Hardest hit among the one-year private equity returns were venture capital funds dropping 29.1% of their value. This decline is a reflection of lower valuations and the underlying portfolio companies’ struggles to generate revenues and create value, according to the Private Equity Performance Index tabulated by Thomson Venture Economics and the National Venture Capital Association (NVCA).
Additionally, the three-year return for venture capital investment has decreased dramatically, down 17.1% over the period that ended March 31, 2003. The continued slide is being attributed to the forming of funds in 1999 and 2000 that invested the bulk of their capital during the peak of the public market run up and thus have been impacted more than most by the economic downturn.
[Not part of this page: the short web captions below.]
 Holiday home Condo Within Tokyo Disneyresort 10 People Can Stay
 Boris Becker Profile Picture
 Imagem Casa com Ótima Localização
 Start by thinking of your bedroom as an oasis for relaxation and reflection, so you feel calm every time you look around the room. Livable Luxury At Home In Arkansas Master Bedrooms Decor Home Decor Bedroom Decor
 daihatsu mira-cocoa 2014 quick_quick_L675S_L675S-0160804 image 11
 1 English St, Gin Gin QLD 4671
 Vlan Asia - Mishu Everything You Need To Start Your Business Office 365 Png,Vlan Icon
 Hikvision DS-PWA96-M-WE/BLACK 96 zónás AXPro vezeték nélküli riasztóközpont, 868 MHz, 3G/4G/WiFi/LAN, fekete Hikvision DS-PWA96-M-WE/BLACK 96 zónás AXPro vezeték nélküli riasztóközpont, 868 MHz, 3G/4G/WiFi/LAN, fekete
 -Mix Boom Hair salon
Taking this out even further, this factor combined with limited exit opportunities, decreasing valuations, and the large number of young funds that have raised money in the past few years.
Leading the charge down the slippery slope for venture capital funds were early/seed funds, lower by 40.5% over the one-year period, and 19.2% looking back three years. This decline was followed by a one-year 24.1% drop among balanced venture funds, down 17.5% in the three-year return, and a negative 23.8% return for later stage venture capital funds, also lower over the past three years by 14.2%.
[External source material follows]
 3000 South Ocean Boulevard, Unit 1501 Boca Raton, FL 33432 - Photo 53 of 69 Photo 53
However, John Taylor, Vice President of the National Venture Capital Association, advised that these figures must be placed in the proper perspective. “Every asset class has been hit in the short-term and venture capital is no different,” said Taylor. “Until the IPO market re-opens, we fully expect negative short-term returns to continue. However, venture capital investors, for the most part, are in the asset class for the long-term, meaning ten years or more. These are the time horizons we are watching, and to date, they remain fairly stable.”
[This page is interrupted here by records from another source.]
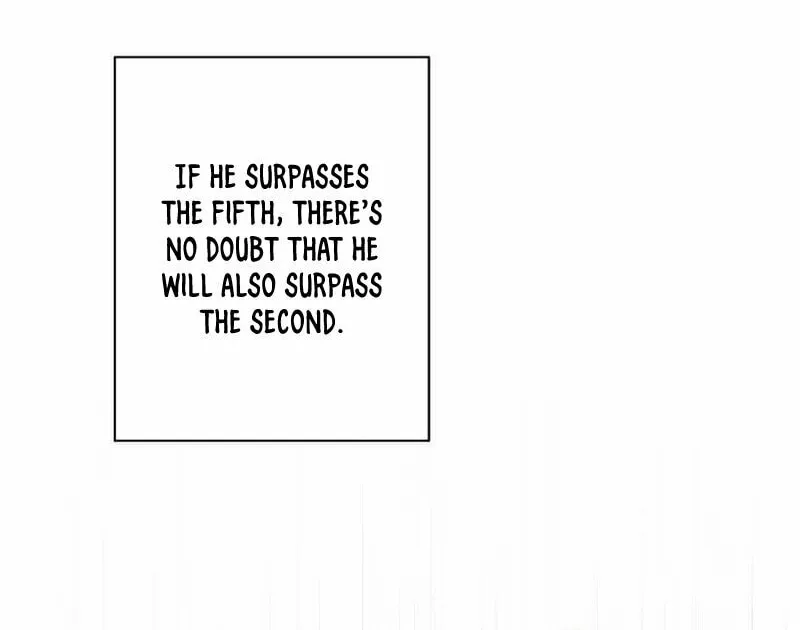 I Woke Up as the Villain Chapter 145 page 47 - 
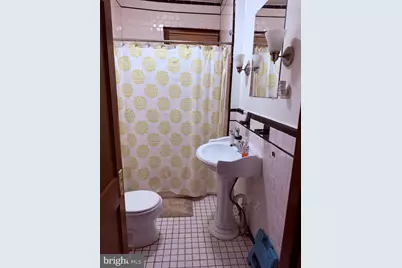 3713 Mary Avenue, Baltimore, MD 21206 - Photo 5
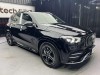 Mercedes-Benz GLE 53 4MATIC 2022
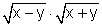 05d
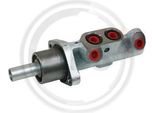 A.B.S. 41391 - Pompa Freno Oe 4601 K8 Per 406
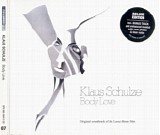 Klaus Schulze - Body Love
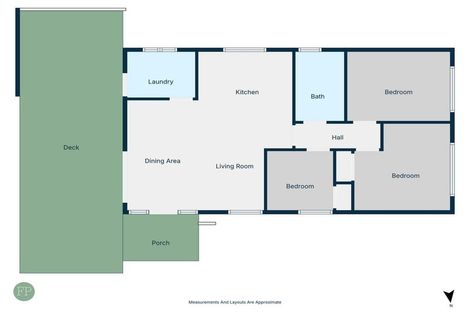 Photo of property in 116 Bower Avenue, New Brighton, Christchurch, 8083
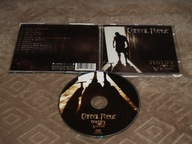 Carnal Forge Testify For My Victims 2007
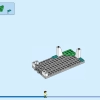 Центр города (LEGO 60380)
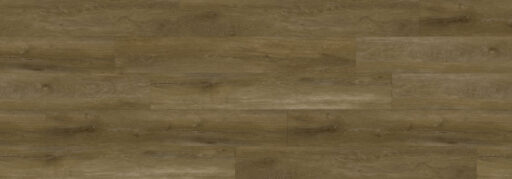 Extra Wide Extra Long Pure SPC Virginia Mist 5ft x 8 31/32"
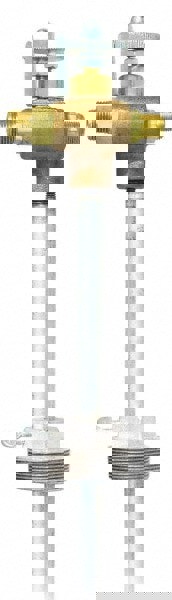 Coolant Mixer/Proportioner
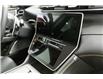 2023 Maserati Grecale Modena (Stk: 1140MCE) in Edmonton - Image 23 of 32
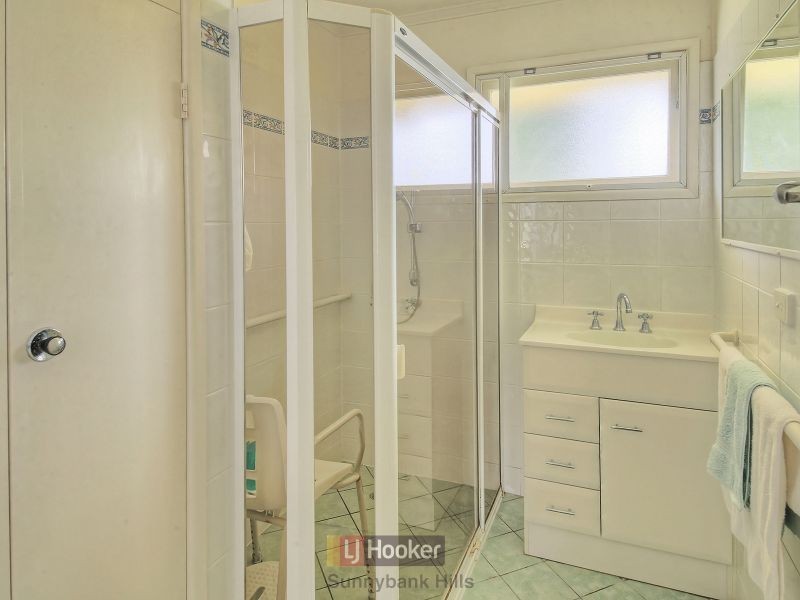 140 Young Street, Sunnybank QLD 4109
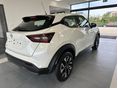 NISSAN JUKE 2026/3 - 3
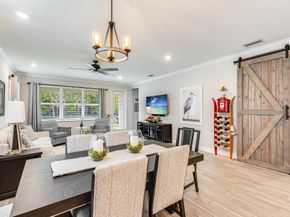 4017 Marina Way, Deerfield Beach FL 33064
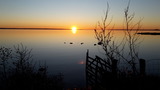 Ferienwohnung in Dahme - Seeblick - Bild 17
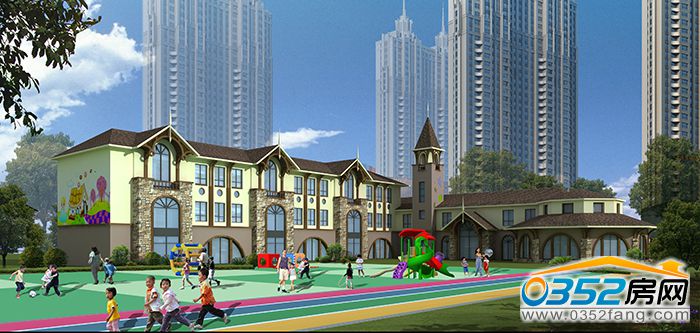 050858254a500f6aa65322.jpg 幼儿园-方案二 拷贝.jpg
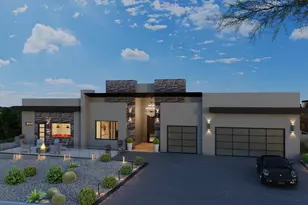 29360 N 108th Pl, Scottsdale, AZ 85262 - Photo 8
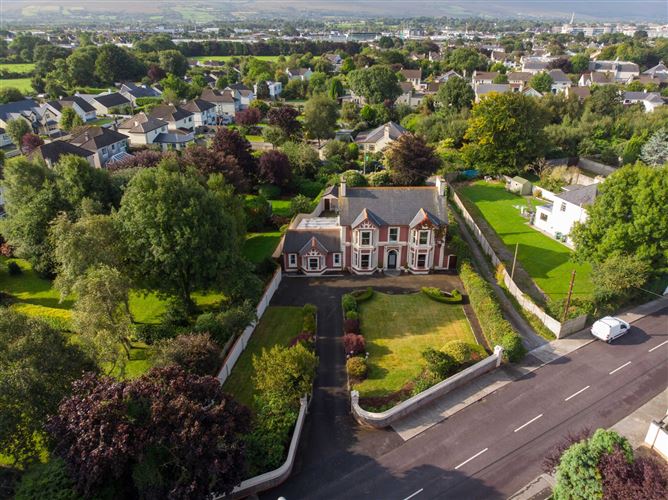 27 Racecourse Road, Tralee, Co. Kerry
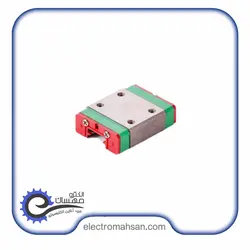 HQM-EGH20 |قیمت ارزان خرید واگن سایز 20 میلیمتر ، مدل EGH20،بدون لبه کوچک بلند،مدل HQM چین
The latest figures from the venture capital realm should not come as too much of a shock considering earlier data showed only 22 venture funds raised $996.1 million during the first quarter of 2003. These figures showed a significant drop in fundraising activity from the previous quarter, when 42 funds raised $1.7 billion (See VC Fundraising Slips Below $1 Billion In the First Quarter ).
Other Private Equity
The news was not much better outside of the venture capital space. Losing 13.4% of their value in one year was the buyout aggregate, which is also down over the three-year period by 7.7%. Also, the remaining piece of the private equity conglomerate, mezzanine investments, was down 2%, dropping this investment categories three-year numbers to 0.7% in the red.